Kollidieren zwei Rennradler an der Isar. Einer landet im Gebüsch, der andere bleibt im Sattel. Gerade als der Verursacher von seinem Carbon-Bike steigt und zu einer Entschuldigung ansetzen will, hebt sein blutender Kontrahent die Hände und beschwichtigt: „Alles gut.“ Was soll gut daran sein, mit Schürfwunden in einem vollgebieselten Strauch zu liegen?

München ist voll mit Alles-Gut-Menschen. Menschen, die sich weigern, verbal anzuerkennen, dass in Wahrheit ziemlich vieles schlecht ist. „Alles gut“ (gesprochen: „Ass gut“), sagen sie, obwohl es tief in ihnen mächtig gärt. Bewohner, die im Alltag auf die dumme Floskel verzichten, soll es nur noch in Untergiesing und Teilen Sendlings geben.
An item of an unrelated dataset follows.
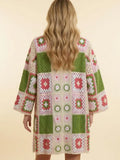 Granny Square Crochet Open-Front Long Cardigan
Obwohl sie in Wahrheit ganz anders denken: Bewohner Münchens finden „Alles gut“

Die längst pensionierte Nachbarin drängelt sich in der Schlange beim Bäcker schon wieder vor, obwohl sie heute keine Termine mehr hat? „Alles gut.“ Ein dreister Teenager hört in der U-Bahn laut Musik und rempelt dann auch die kleine Emilia im Kinderwagen an? „Alles gut.“ Wirklich? „Alles gut“ ist die moderne Form der Kommunikationsverweigerung.

Auch der gestürzte Rennradler teilt in der eingangs geschilderten Situation nicht mit, was in ihm vorgeht. Warum springt er nicht auf und stellt klar, wie rücksichtslos das Verhalten des anderen gewesen ist: „Bist du noch ganz sauber, du Rindvieh? Sei froh, dass ich vorbestraft bin.“ Und wo er schon einmal dabei ist: „Wie lächerlich sind eigentlich deine rasierten Wadl?“ Leider bleibt diese Wahrheit unausgesprochen.

Gute alte Zeiten in München: Damals war das „Basst scho“

Haben die Münchner früher eher ausgesprochen, was sie wirklich bewegt? Früher war nicht alles gut, aber deutlich besser. Mit einer ganz anderen Floskel hätte der Rennradler zumindest angedeutet, dass er gerade nicht zufrieden ist.

Mit einem merklich missmutig hervorgepressten „Basst scho“.